Since our data also contains the stock exchange identifier, we could even go one step further and include the exchange in our key. That would be helpful if we were querying based on the exchange.

If you take a look at [mr_stocks.rb][8] you’ll see that we’re setting up a query to filter stocks by the symbol QTM and then aggregate the total trade volume by month. The map phase creates a single cell array with the stock volume traded in the month and returns it. We use the Riak.mapValuesJson function to map the raw data coming in from Riak to a proper JavaScript object. We then get the month that we’re looking at by parsing the key. This is easy enough to do because we have a well-defined key format.

function(o, keyData, arg) {
  var data = Riak.mapValuesJson(o)[0];
  var month = o.key.split('-').slice(0,2).join('-');
  var obj = {};
  obj[month] = data.stock_volume;
  return [ obj ];
}

If we were to look at this output we would see a lot of rows of unaggregated data. While that is interesting, we want to look at trending for stock trades for QTM over all time. To do this we create a reduce function that will sum up the output of the map function. This is some pretty self explanatory JavaScript:

function(values, arg) {
  return [ values.reduce(function(acc, item) {
               for (var month in item) {
                 if (acc[month]) { acc[month] += parseInt(item[month]); }
                 else { acc[month] = parseInt(item[month]); }
               }

               return acc;
             })
  ]
}

Okay, so that might not actually be as self-explanatory as anyone would like. The JavaScript reduce method is a newer one. It will accumulate a single result (the acc variable) for all elements in the array. You could use this to get a sum, an average, or whatever you want.

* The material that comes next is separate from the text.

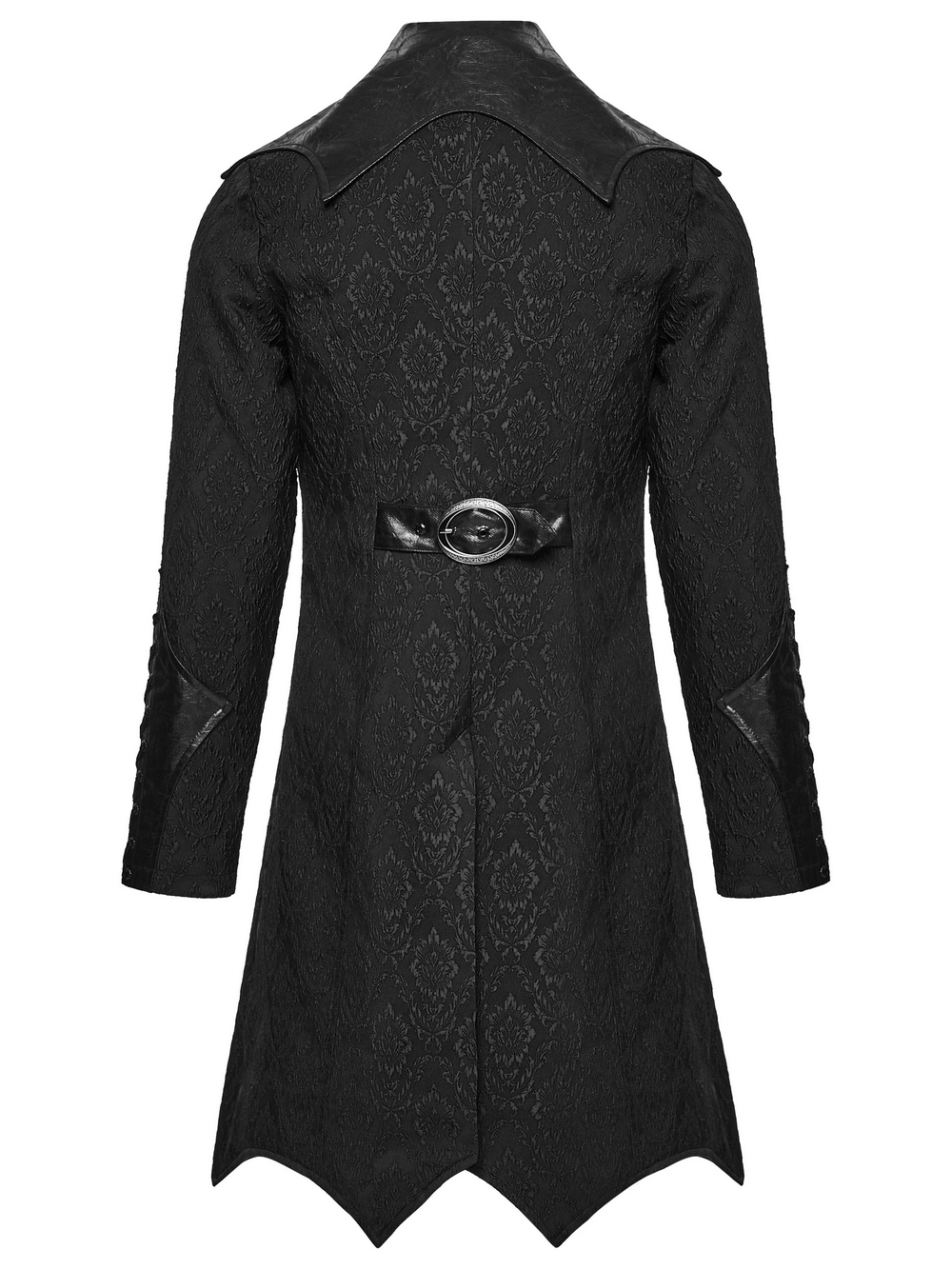 Men's Gothic Jacquard Coat with Bat Lapel and Details showcasing the back design and detailing.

One other thing to note is that we use parseInt. We probably don’t have to use it, but it’s a good idea. Why? Riak is not aware of our data structures. We just store arrays of bytes in Riak – it could be a picture, it could be text, it could be a gzipped file – Riak doesn’t care. JavaScript only knows that it’s a string. So, when we want to do mathematical operations on our data, it’s probably wise to use parseInt and parseFloat.

Where to Now?

Right now you probably have a lot of data loaded. You have a couple of options. There are two scripts on github to remove the stock data and the animal data from your Riak cluster. That’s a pretty boring option. What can you learn from deleting your data and shutting down your Riak cluster? Not a whole lot.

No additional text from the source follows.